Only three months after the Haswell announcement, Intel also announced a technology called GVT (Graphics Virtualization Technology) as a GPU virtualization solution with mediated graphics pass-through. Intel GVT is able to combine Xen hypervisor and Iris Pro GPU cores (GT3e), which is quite similar to what NVIDIA GRID vGPU does. A virtual GPU is assigned to a guest VM, with resource assignment brokered and managed by a “mediator” component running in the Dom0 session of the hypervisor. Controlled by the mediator, Intel’s native graphics driver runs inside each guest VM, communicating directly with the assigned GPU cores and preventing hypervisor intervention in performance critical paths.
In summer 2015, Intel started shipping the new generation “Broadwell” APU, which is an Intel Xeon E3-1200 v4 processor with Iris Pro Graphics P6300. This integrated GPU comes with 48 execution units (cores) with 128MB of eDRAM. It can deliver up to 1.8 times the 3D graphics performance of the previous generation Intel Xeon E3-1200 v3 with Intel HD graphics. The memory interface of the Xeon E3-1200 v4 Iris Pro graphics unit allows to address up to 32GB DDR3(L)-RAM used as vRAM. At VMworld 2015, Intel demonstrated this APU in combination with VMware vSphere and Horizon View, delivering GPU-accelerated user sessions.
The design of the Intel E3-1200 v4 with integrated Iris Pro graphics unit is geared towards low to medium-end remote graphics workstation use cases. It is a low-power and low-cost solution for customers who want to keep their critical data in centralized datacenters and deliver rich 3D applications over local and wide-area networks. According to Intel, their GVT solution allows Xeon E3-1200 v4 customers to dedicate the resources of each processor to a single designer or share them among multiple less demanding users.
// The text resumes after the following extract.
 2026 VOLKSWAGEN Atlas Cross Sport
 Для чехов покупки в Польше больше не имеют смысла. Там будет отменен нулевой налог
The power consumption of a Xeon E3-1200 v4 CPU with Iris Pro graphics unit is between 35 and 95 Watts. The “Skylake” line of CPUs planned for later this year with Intel HD Graphics 530 as the first released product derived from an instance of the Intel processor graphics gen9 architecture. According to announcements recently made by Intel such a CPU may come with up to three slices with 24 Iris Pro GPU cores each, providing a total of 72 GPU cores.
GPU-accelerated session remoting and improved user experience are hot topics, and the huge investments made by the big three GPU vendors shows that they are fully aware of it. NVIDIA is coming from the absolute high-end with their GRID v2 solution while Intel’s Iris Pro graphics unit is coming from the low-end side of graphics remoting. Both have the ambition to expand their market share as fast as they can and deliver GPU-accelerated remoting to the masses. NVIDIA’s advantages are their extremely powerful GPUs and their well-established GRID concept. Intel’s unique selling points are low power consumption and a low price. AMD is the challenger and they are still trying to find their sweet spot in this market. Their capability to deliver their Multiuser GPU hardware virtualization solution as soon as possible will be the critical success factor. It’s an exciting race between the three and I’m looking forward to what the next weeks and months will bring for GPU-accelerated remoting. My prediction is that in three years the majority of remote sessions will be GPU-accelerated.